Let’s be clear about one thing: this is not a serious or, I suspect, hugely accurate depiction of the events surrounding the strike. Nor is it particularly balanced – the opening number says it all: “If you want something done, ask a busy woman… cos you’re wasting your time asking a man.” Later, when he forgets their 10th wedding anniversary, Eddie offers as an explanation: “I’m just a man with a foolish brain.” The show at times tiptoes very close to the line between cheering for women and putting down men, but is always good humoured enough to pull it back at the last minute.
Leading lady Stephanie Trott is an experienced musical theatre performer, and it shows; she’s perfectly at ease and totally genuine both as the bubbly wife, mother and friend, and as the feisty activist – we could easily have been watching her on a West End stage. Alex Freeman, a DAODS veteran of over 10 years, offers great support as husband Eddie, really coming into his own in Act 2 with a heartfelt rendition of The Letter. And there are great – if surreal – comic performances from John Woodley as Harold Wilson, unflatteringly portrayed as a sort of man-child who’s terrified of women (and indeed any kind of responsibility) and Alex Tyrrell, who’s brilliantly bitchy as the cowboy American boss flown in to put down the revolt. Most importantly for a show that’s about solidarity, the whole cast has great chemistry and the big ensemble numbers are real highlights in an already brilliant show.
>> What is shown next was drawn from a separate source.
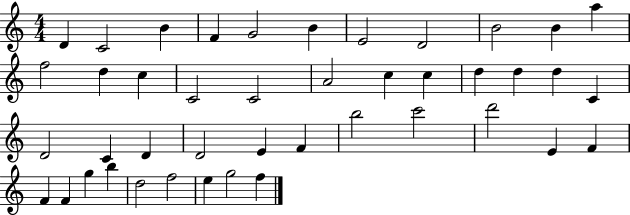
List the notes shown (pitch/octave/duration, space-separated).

D4/q C4/h B4/q F4/q G4/h B4/q E4/h D4/h B4/h B4/q A5/q F5/h D5/q C5/q C4/h C4/h A4/h C5/q C5/q D5/q D5/q D5/q C4/q D4/h C4/q D4/q D4/h E4/q F4/q B5/h C6/h D6/h E4/q F4/q F4/q F4/q G5/q B5/q D5/h F5/h E5/q G5/h F5/q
From the moment the curtain rises, there’s no doubt what era we’re in; the set and costumes are right on the money and transport us instantly to the swinging 60s. My only minor gripe about the production is that there are occasional sound issues; in the factory scenes the background chatter becomes slightly overpowering, and a few of the lyrics get lost when the band’s in full swing.
Made in Dagenham is a slightly bonkers little show in many ways, but that’s not necessarily a bad thing. The show has some catchy tunes and a cheeky, self-deprecating sense of humour, and it makes us realise how lucky we are to have had battles like this fought for us long before we were even born, even as we understand there’s still work to do. Best of all: the show may have been made in Dagenham – but DAODS was made in Dartford, and they’ve done us proud.
Made in Dagenham is at the Orchard Theatre until 29th April.